This time, we’re talking about political data in Canada: election results, data on our representatives, and the data that political parties collect. If you haven’t listened yet, you can do so using the player above or by searching for Mean, Median, and Moose in your favourite podcast app.
John took a look at the demographics of the Canadian federal MPs that were elected in 2019. You used to have to do this with sources like Wikipedia. A little while ago, John did this for the 2015 parliament by developing a script to access Wikipedia’s list of MPs who won election and then following the links within that list to get demographic information inside each MP’s info box. Since then the Canadian government has made this easier. You can now find a list of MPs with basic demographics like age, gender and occupation here.
Here are some interesting things about them. First, their ages. Almost all MPs are between the ages of 40 and 70 and only five MPs were between the ages of 20 and 29 (Note that the data is self reported and so 29 MPs did not list their age or date of birth).
As you probably know, the MPs are mostly male. In fact, there are more than twice as many male MPs compared to females. What you might not know is that the age of the female MPs that did get elected skews younger.
In the podcast, Katie talked about why that might be. She covered how media coverage, gendered roles and perceptions and even how the electoral system may affect representation. She wrote a paper on it a little while ago if you’re interested.

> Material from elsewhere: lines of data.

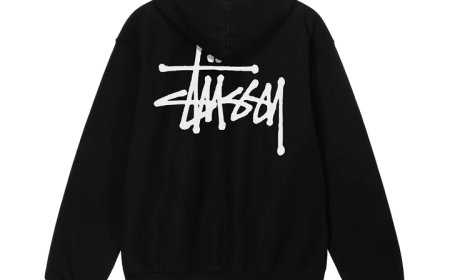 Make a Bold Impact in the Stussy 8 Ball Hoodie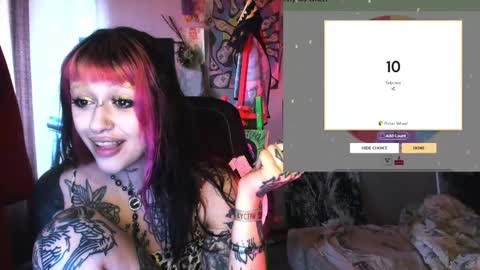 Image of Full archive of insunnity666 nude recordings. Monitor and record insunnity666 for free from Chaturbate.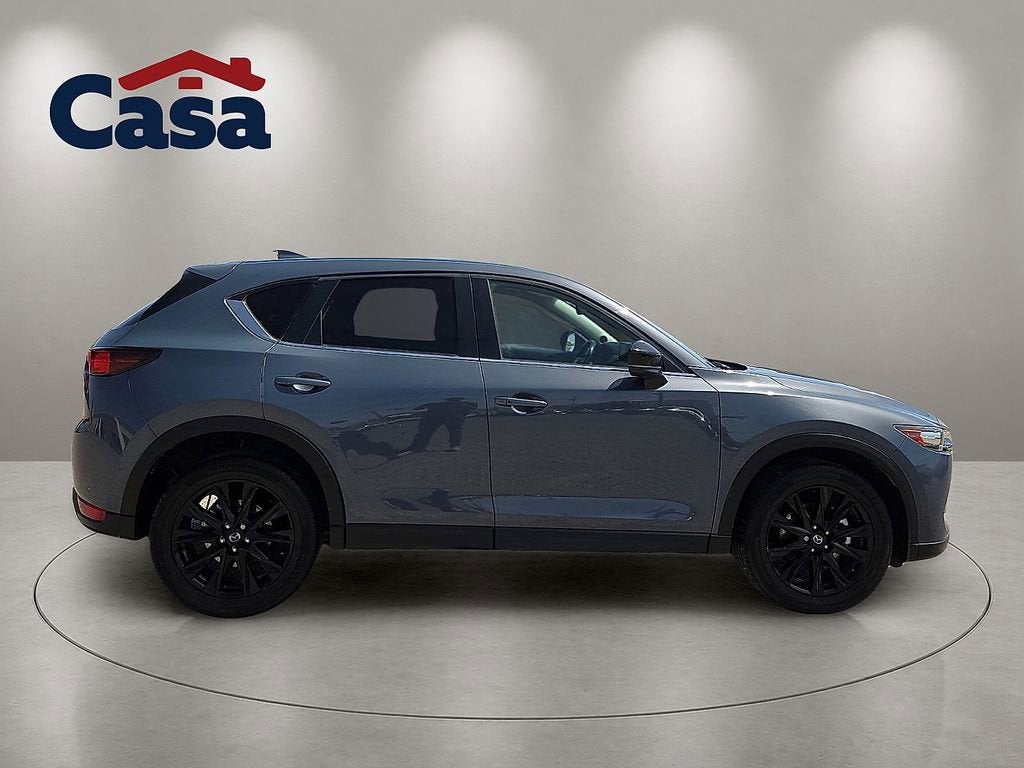 2021 Mazda Mazda CX-5 Carbon Edition Turbo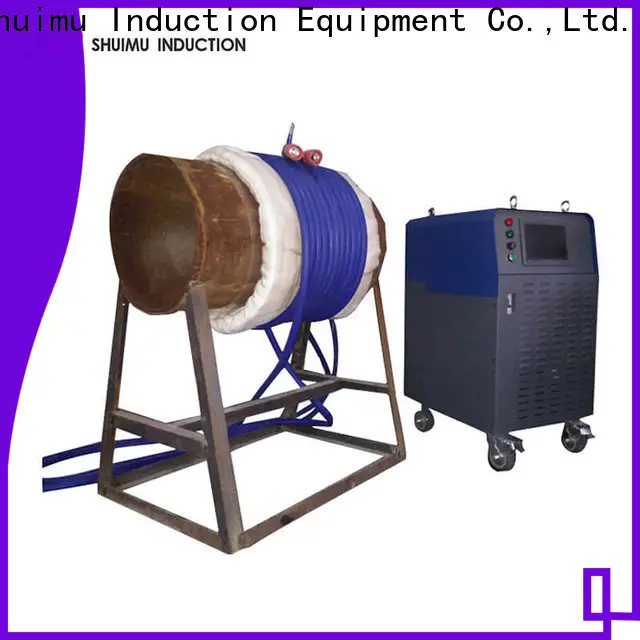 Shuimu weld preheat machine supply for weld preheating 1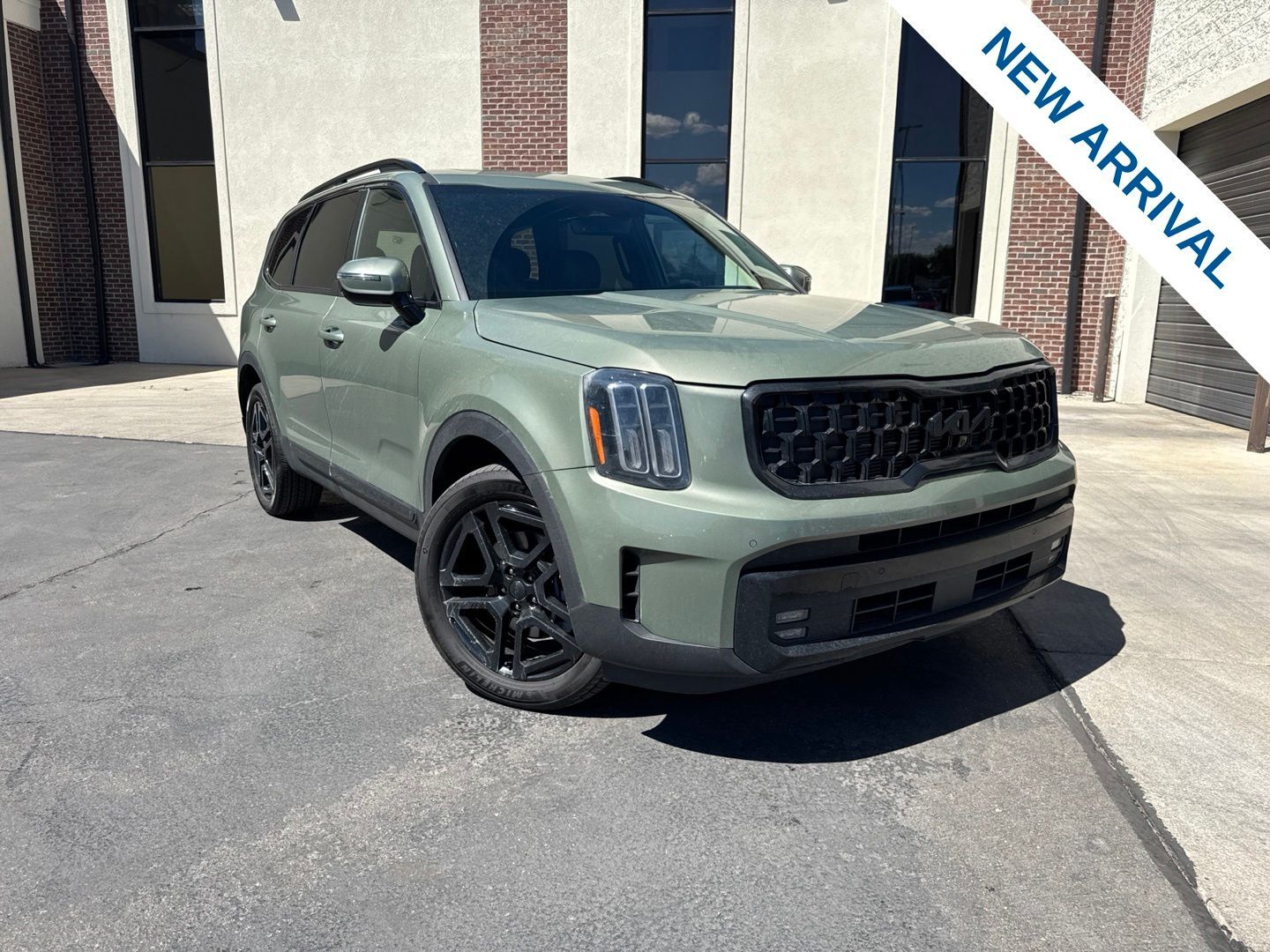2025 KIA Telluride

What about across parties? The age distribution looks like this:
Let’s look at the ages by gender and regions:
Grids of bar graphs like this are great alternatives to stacked bar charts and can make it easier to compare categories to each other. They call these graph trellises, and Vega Lite makes it easy to do. Check out the relatively flat distribution across the age of the Western Canadian group of Conservative MPs. None in that group that are 20-29 though.
How about self reported occupation? This is a tough one to nail down for a few reasons. There are multiple occupations for each MP when it’s reported. Also, the data is free-form which can cause issues. For example two labour lawyers might each list “Lawyer” and “Labour Lawyer”. With unstructured and informal data like this, sometimes less formal visualizations can be useful. They can give you an idea about the nature of the data without providing specific numbers or the impression that the data is perfectly accurate. Here’s a word cloud of all the self reported occupations in the list of MPs from the parliament website:
We decided to also make this an interactive visualization. You can click on one of the words and see a breakdown of the percentage of MPs reporting that included that word and what they reported.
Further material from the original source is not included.